Potential explanatory variables include a the home teams’ field goal percentage (how efficient the home team is shooting), their rebounding totals, their turnover totals, and assist totals. I selected these because each are important statistics that contribute to a team’s success on the court, but also are isolated enough where we should be able to limit collinearity.
log_model <- glm(
home_win ~ fg_pct_home + reb_home + tov_home + ast_home,
data = NBA_Data,
family = binomial
)
summary(log_model)
##
## Call:
## glm(formula = home_win ~ fg_pct_home + reb_home + tov_home +
## ast_home, family = binomial, data = NBA_Data)
##
## Coefficients:
## Estimate Std. Error z value Pr(>|z|)
## (Intercept) -17.644267 0.202500 -87.132 < 2e-16 ***
## fg_pct_home 28.168233 0.359937 78.259 < 2e-16 ***
## reb_home 0.166227 0.002373 70.058 < 2e-16 ***
## tov_home -0.122756 0.003321 -36.961 < 2e-16 ***
## ast_home -0.010968 0.002994 -3.663 0.000249 ***
## ---
## Signif. codes: 0 '***' 0.001 '**' 0.01 '*' 0.05 '.' 0.1 ' ' 1
##
## (Dispersion parameter for binomial family taken to be 1)
##
## Null deviance: 53314 on 39801 degrees of freedom
## Residual deviance: 37681 on 39797 degrees of freedom
## AIC: 37691
##
## Number of Fisher Scoring iterations: 5
The model estimates the log‑odds of a home win using four performance variables. Each coefficient represents the change in log‑odds of winning for a one‑unit increase in the predictor, holding the others constant.

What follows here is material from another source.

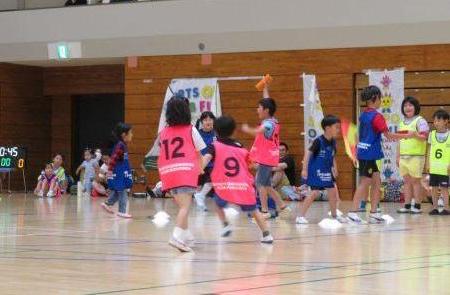 スポーツイベントのイメージ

This is the dominant predictor in the model. A coefficient of 28.17 means that even small changes in shooting percentage have a large effect on win probability. Because FG% is on a 0–1 scale, a one‑percentage‑point increase (0.01) changes the log‑odds by about 0.28, which corresponds to roughly a 32% increase in the odds of winning. This aligns with basketball intuition: shooting efficiency is one of the strongest determinants of game outcomes.

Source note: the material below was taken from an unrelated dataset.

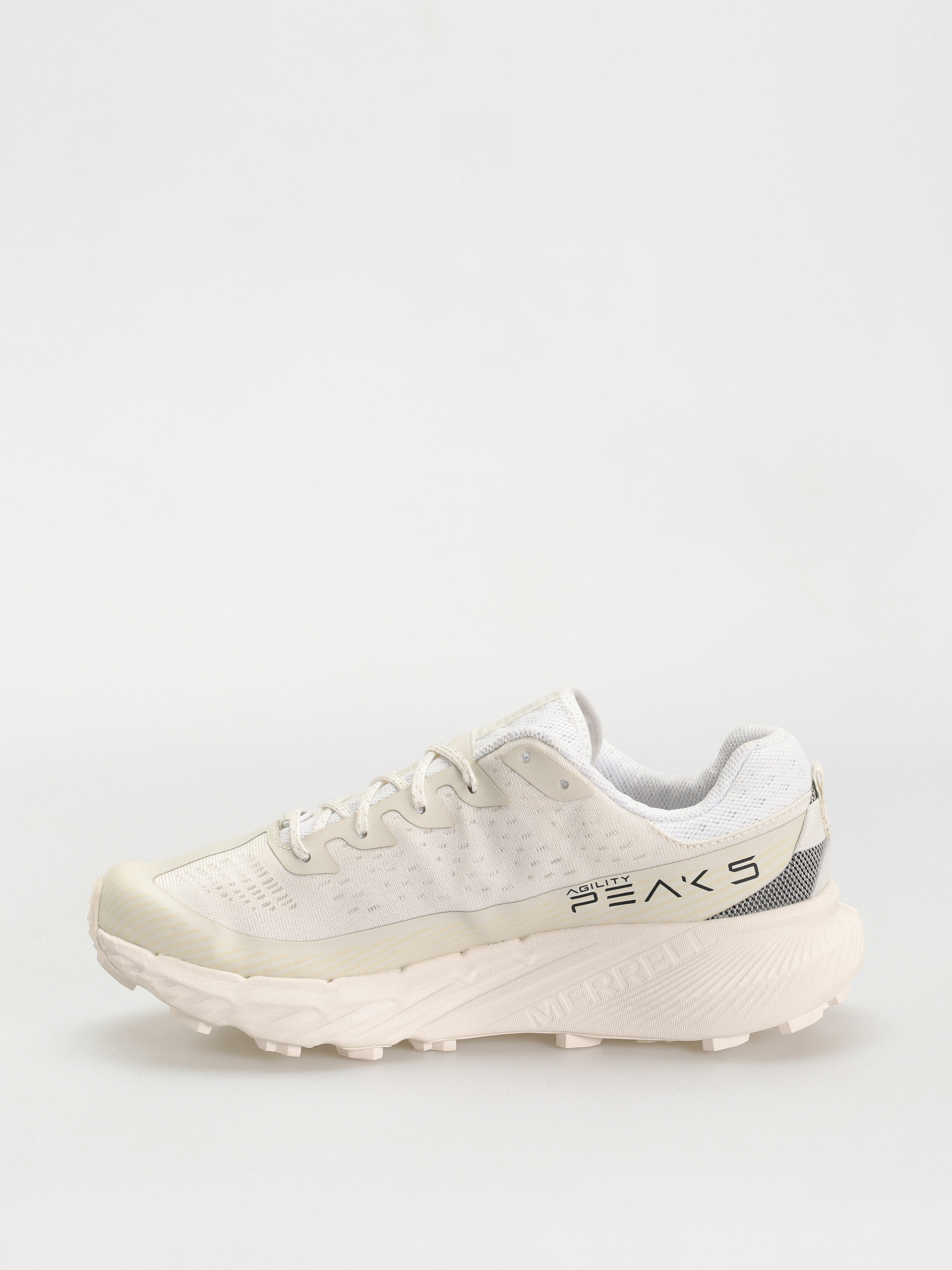 Merrell Agility Peak 5 Cipők (white/white)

The coefficient of 0.166 indicates that each additional rebound increases the log‑odds of winning. Converting to an odds ratio, a single rebound raises the odds of winning by about 18%. Rebounding extends possessions and limits opponent opportunities, so this effect is consistent with game dynamics.
The negative coefficient (–0.123) shows that turnovers reduce win probability. Each turnover decreases the odds of winning by about 11–12%, reflecting the cost of lost possessions and transition opportunities for opponents.
The coefficient is small (–0.011) and negative, which may seem counterintuitive. This often happens when assists are highly correlated with shooting percentage and field goals made. Once FG% is in the model, assists add little unique information, and the sign can flip due to multicollinearity. The effect is statistically significant but practically small.
Using the standard error for fg_pct_home, the formula for a confidence interval is:
(28.168233 - (z * 0.359937), 28.168233 + (z * 0.359937))
For a confidence interval of 95% (wanting to minimize standard error, but stay within reason), this yields approximately:
Lower bound: 27.46
Upper bound: 28.88
Because the entire interval is positive and far from zero, the data strongly support the conclusion that higher shooting percentage increases the probability of winning. In practical terms, even the lower end of the interval implies that small improvements in shooting efficiency have a meaningful impact on game outcomes.
The model captures the essential logic of NBA games:
Teams win when they shoot well.
Rebounding helps secure extra possessions.
Turnovers hurt.
Assists matter, but their effect is overshadowed by shooting efficiency.